A video installation accusing Sir Winston Churchill of using ‘wilful’ mass starvation during the 1943 Bengal famine has been withdrawn from the National Portrait Gallery after a furious row. The 40-minute film, titled *Persistence*, was created by Turner-Prize winning artist Helen Cammock and had been on temporary display for 10 months, due to end in August. It claimed Churchill deliberately used starvation as part of the famine that killed an estimated three million people in eastern India.
The controversy erupted after a historian and former trustee of the gallery wrote to ‘protest in the strongest possible terms’, calling the accusation ‘foul and vile’. An open letter from Lord Roberts of Belgravia, a Churchill biographer, accused the institution of telling a ‘barefaced lie’ and described the installation as an ‘ideologically motivated rant’. The letter, which received more than 50 signatures including that of Churchill’s grandson Sir Nicholas Soames, argued that the famine was caused by a typhoon and that Churchill told his war cabinet every effort must be made to help.
“National Portrait Gallery removes Helen Cammock's video blaming Churchill for 'wilful' starvation in 1943 Bengal famine after row.”
‘He would not have done this if he were the genocidal maniac described by Ms Cammock in her taxpayer-funded rant against one of our greatest national heroes,’ Lord Roberts wrote to Professor Shearer West, the interim chair of the board of trustees.
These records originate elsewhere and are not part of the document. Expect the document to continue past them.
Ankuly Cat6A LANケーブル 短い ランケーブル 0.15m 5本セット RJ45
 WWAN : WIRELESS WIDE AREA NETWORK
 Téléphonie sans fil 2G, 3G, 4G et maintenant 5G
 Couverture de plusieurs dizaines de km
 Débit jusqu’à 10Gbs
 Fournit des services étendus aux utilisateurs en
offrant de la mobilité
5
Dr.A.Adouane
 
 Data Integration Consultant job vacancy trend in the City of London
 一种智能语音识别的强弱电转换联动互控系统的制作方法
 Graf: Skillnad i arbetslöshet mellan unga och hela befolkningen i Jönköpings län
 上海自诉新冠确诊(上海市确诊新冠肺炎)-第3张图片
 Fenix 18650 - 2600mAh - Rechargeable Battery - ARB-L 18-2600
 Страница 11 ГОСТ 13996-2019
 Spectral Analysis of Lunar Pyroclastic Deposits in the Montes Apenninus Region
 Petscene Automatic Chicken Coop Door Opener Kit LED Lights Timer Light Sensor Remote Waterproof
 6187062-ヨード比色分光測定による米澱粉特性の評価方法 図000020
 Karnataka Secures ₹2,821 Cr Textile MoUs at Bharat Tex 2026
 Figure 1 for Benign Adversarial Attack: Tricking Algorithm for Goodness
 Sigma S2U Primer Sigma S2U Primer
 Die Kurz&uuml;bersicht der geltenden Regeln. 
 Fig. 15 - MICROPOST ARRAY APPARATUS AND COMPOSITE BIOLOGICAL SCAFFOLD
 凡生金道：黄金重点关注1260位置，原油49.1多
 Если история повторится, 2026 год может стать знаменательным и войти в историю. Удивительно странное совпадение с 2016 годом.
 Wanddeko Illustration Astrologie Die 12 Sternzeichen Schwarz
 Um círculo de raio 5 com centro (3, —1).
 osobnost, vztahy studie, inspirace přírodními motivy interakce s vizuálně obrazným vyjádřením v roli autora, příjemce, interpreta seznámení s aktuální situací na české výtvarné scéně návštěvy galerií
In the video, Cammock narrated comparisons between Oliver Cromwell’s 17th-century military campaigns in Ireland, where she said he ‘starved people, en masse’, and Churchill’s actions during the famine.
The nature of Churchill’s role has long been subject to academic dispute. In 2019, researchers in India and the US concluded that the Bengal famine was due to a ‘complete policy failure during the British era’. Others have argued Churchill’s policies contributed.
Cammock, who had worked on the installation since 2023, said in a statement on Monday: ‘There is an incredible pressure on artists and arts institutions to bend to external pressure; to be benign at best and silent at worst. I do not accept this pressure. To question, challenge and explore ideas and histories is vital to a healthy society and art is intrinsic to this.’
The gallery said: ‘Today, Helen Cammock decided to remove her film, *Persistence*, from display at the National Portrait Gallery. We respect her decision, just as we acknowledge the opinions of those who were offended by what was said in the film.’